Problem requirements >> In the records that follow, find each line containing "Black" and copy it.
[[ Data provided open ]]
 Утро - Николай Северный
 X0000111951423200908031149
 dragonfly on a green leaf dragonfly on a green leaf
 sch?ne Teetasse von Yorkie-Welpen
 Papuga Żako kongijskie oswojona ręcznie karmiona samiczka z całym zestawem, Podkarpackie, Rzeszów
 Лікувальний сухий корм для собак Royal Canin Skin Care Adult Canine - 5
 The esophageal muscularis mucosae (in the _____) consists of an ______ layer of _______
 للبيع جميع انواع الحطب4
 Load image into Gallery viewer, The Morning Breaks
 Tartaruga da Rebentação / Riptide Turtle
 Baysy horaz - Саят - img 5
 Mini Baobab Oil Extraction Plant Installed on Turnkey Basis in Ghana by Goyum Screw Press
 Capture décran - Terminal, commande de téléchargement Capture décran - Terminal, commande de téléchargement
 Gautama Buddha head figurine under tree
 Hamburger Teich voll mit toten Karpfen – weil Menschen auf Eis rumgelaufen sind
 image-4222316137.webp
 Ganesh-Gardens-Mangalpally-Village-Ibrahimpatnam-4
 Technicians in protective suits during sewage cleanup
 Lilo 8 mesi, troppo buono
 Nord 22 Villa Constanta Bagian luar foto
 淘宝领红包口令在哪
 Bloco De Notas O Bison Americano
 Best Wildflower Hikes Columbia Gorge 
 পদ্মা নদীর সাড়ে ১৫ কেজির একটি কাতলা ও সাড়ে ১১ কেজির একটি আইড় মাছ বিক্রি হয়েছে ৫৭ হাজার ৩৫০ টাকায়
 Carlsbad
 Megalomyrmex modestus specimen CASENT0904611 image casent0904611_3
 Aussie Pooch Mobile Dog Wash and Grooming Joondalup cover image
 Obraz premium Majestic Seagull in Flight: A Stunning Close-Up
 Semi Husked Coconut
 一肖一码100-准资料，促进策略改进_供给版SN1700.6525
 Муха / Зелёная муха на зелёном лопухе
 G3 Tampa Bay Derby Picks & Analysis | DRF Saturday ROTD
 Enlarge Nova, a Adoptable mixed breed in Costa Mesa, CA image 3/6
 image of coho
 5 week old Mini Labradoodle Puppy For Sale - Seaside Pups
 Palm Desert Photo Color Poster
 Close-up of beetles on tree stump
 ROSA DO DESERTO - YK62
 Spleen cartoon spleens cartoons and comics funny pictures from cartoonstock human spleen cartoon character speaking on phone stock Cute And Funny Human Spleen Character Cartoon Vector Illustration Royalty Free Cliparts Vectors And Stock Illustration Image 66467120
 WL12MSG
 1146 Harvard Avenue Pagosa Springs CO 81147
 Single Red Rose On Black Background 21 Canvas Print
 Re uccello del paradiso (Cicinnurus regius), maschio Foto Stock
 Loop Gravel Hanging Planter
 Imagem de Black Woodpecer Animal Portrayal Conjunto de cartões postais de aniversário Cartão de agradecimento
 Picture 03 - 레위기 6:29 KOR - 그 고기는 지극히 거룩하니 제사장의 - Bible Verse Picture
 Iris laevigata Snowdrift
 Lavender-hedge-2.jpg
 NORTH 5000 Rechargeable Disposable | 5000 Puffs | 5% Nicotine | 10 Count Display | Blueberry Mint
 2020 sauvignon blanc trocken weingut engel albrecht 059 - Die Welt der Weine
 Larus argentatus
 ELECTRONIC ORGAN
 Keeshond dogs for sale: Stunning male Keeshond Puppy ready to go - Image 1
[[ Data provided closed ]]
Task response >>
 Single Red Rose On Black Background 21 Canvas Print
 Imagem de Black Woodpecer Animal Portrayal Conjunto de cartões postais de aniversário Cartão de agradecimento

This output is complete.